Photo credits: USAID, FAO and New York Times
In 2011, just as I was about to join the university to start my undergraduate studies, I remember Kenya experiencing a very severe drought. The drought led to water rationing, food crisis, escalated food prices, the environment became harsher, and the economy became very unstable. We would walk for miles to get water, even then, there were long queues, and each family was allowed only a few litres. In other areas, the government would provide water for a few days in a week and sometimes not even distribute water for weeks on end, forcing people to buy water from private companies that have turned water, a basic need into a profit-making industry run by cartels. This experience motivated me to study Bio-systems Engineering at the University of Nairobi and later do my masters in Water Resources Engineering at the KU Leuven, to actively understand my environment and provide solutions for these kinds of predicaments.
After concluding my Masters, I decided to go ahead to further my studies by doing a PhD. The search for a suitable topic connected to my desire to find solutions for the water issue in my country led me to the Vrije Universiteit Amsterdam website. I found the advertisement on the DOWN2EARTH Project, funded by the EU Horizon2020, and applied for it. The research is on data-driven assessment of drought risk in East Africa at the Environmental Institute of Studies - IVM at VU-Amsterdam. It was exactly what I was looking for, and I was determined to be part of the project!
This interdisciplinary research will provide a milestone into the food insecurity and water scarcity experienced in East Africa creating a better environment for the younger and older generations that face harsher realities like lack of education because they are busy trying to survive.

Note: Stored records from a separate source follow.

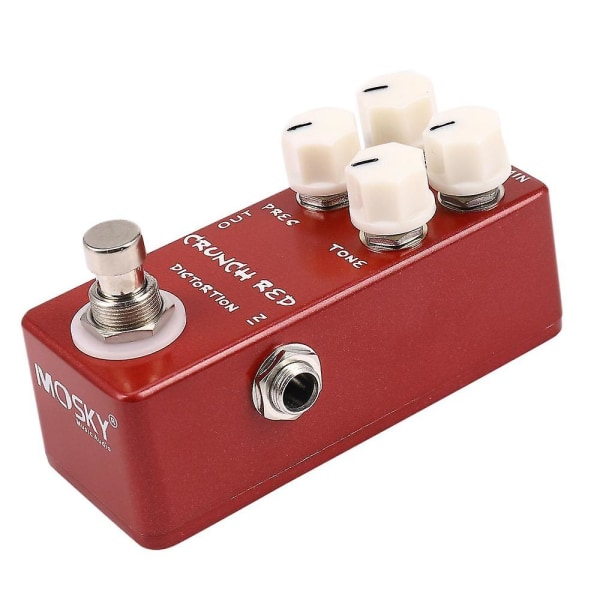 Mini Guitar Effekt Pedal Mini Rød Distortion Guitar Pedal True Bypass Full Metal Shell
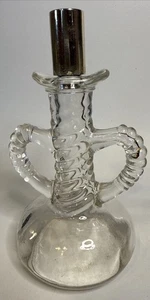 "Botella vintage vacía colonia transparente 6"" de alto" - Imagen 1 de 5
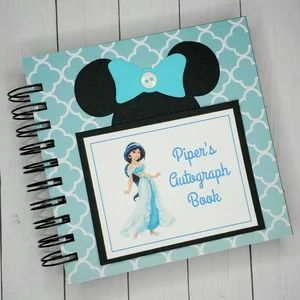 secondsisterdesigns - Etsy Diy Disney Autograph Book Ideas, Disney Autograph Books Diy, Disney Signature Book, Disney Cruise Autograph Book, Disney Autograph Books, Disney Reveal, Disney Autograph, Autograph Book Disney, Bullhead City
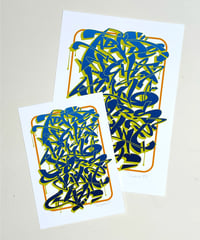 Image 6 of Graffiti Alphabet - Blue - Signed and embossed Fine Art Print 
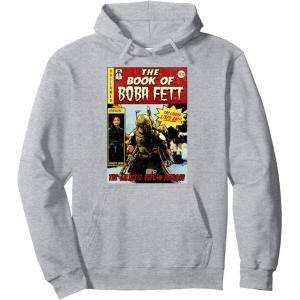 image:imageStar Wars The Book Of Boba Fett Comic Cover Pullover HoodieHeather Grey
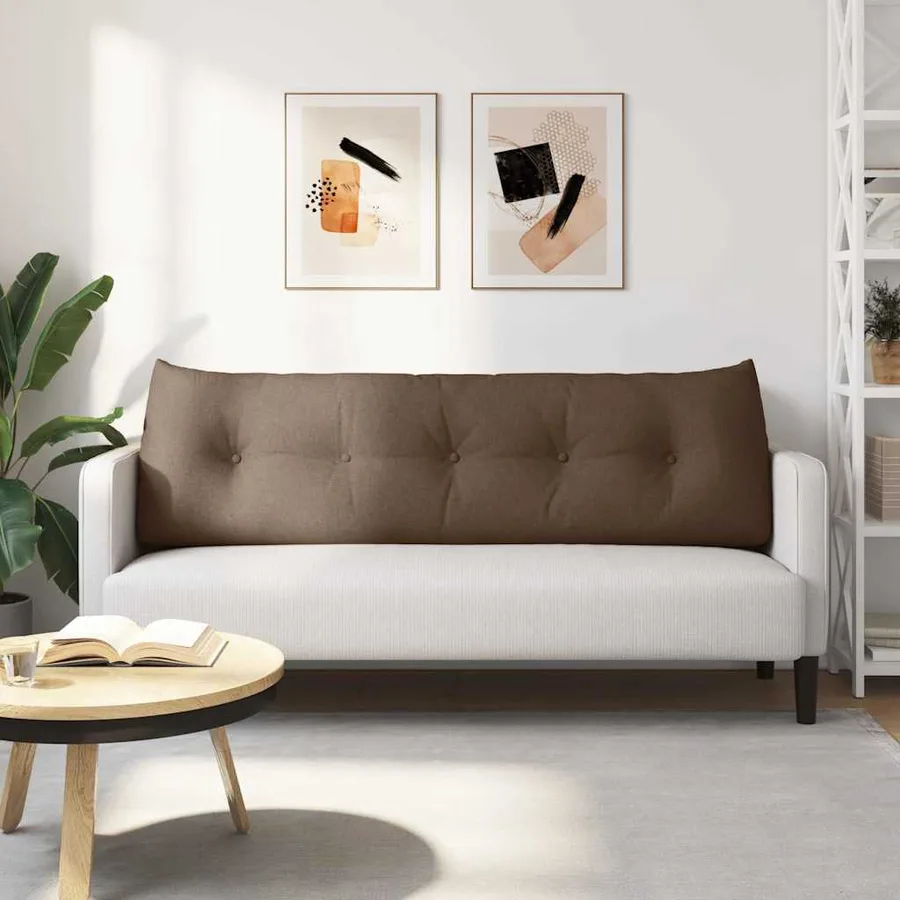 Coussin de Dos Marron 160 x 24 x 50 cm tissu - 4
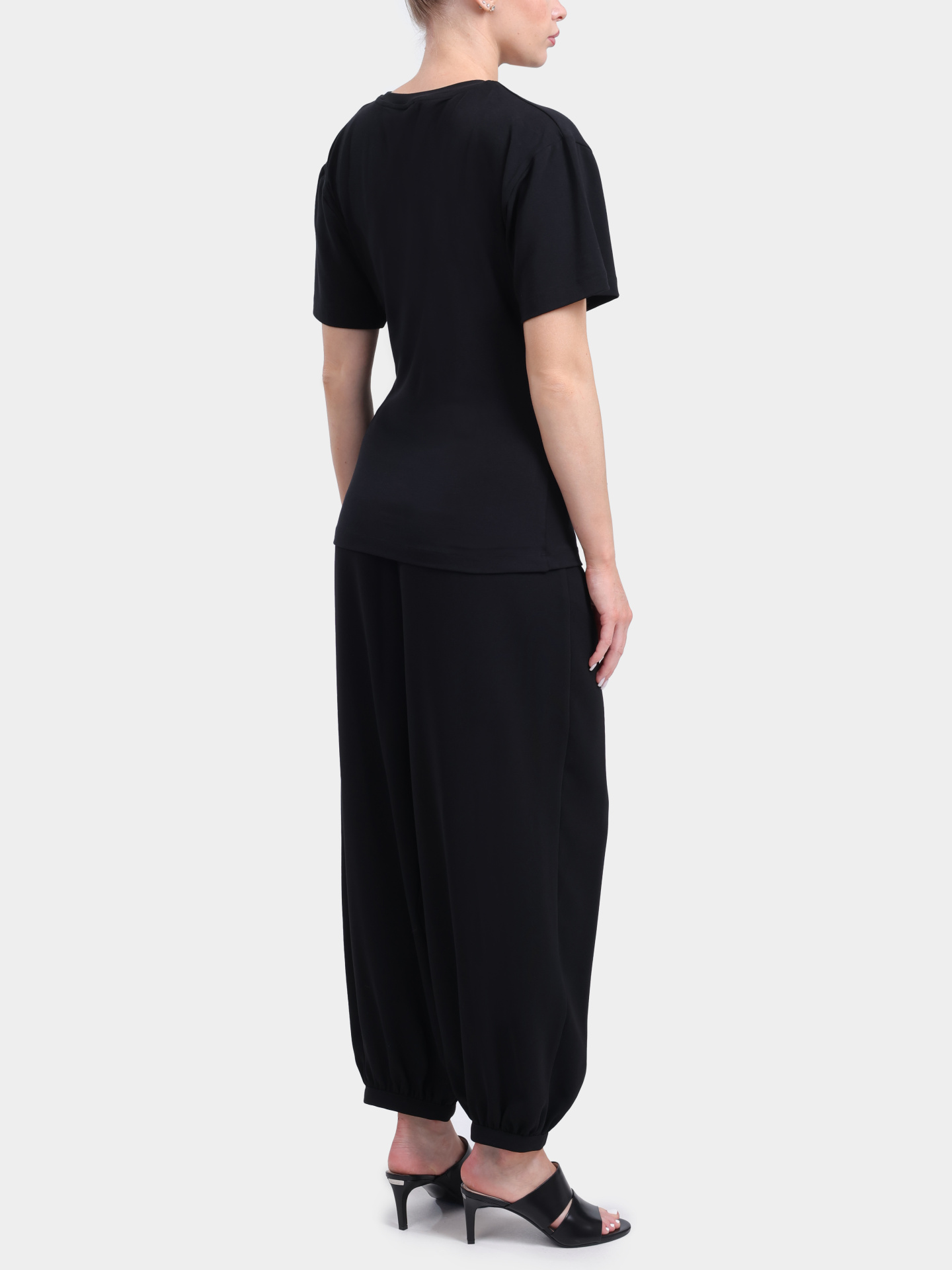 Футболка Pinko 106455 A35D Z99 с драпировкой черная женская — купить в интернет-магазине Verdistore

Photo credit: Annie Spratt on Unsplash
At the end of this research, I expect to be equipped with enough knowledge to contribute to solutions that will deal with food insecurities and water scarcity in the region. Currently, working with the DOWN2EARTH team and being a part of a dynamic group of brilliant researchers from various research backgrounds and making a difference directly to communities that raised me into who I am today has been a dream come true. I learn new things every day, and the network of researchers the project has created for me has been dramatically significant. With still more to unravel in the next coming years, I am very excited about the possibilities and discoveries ahead.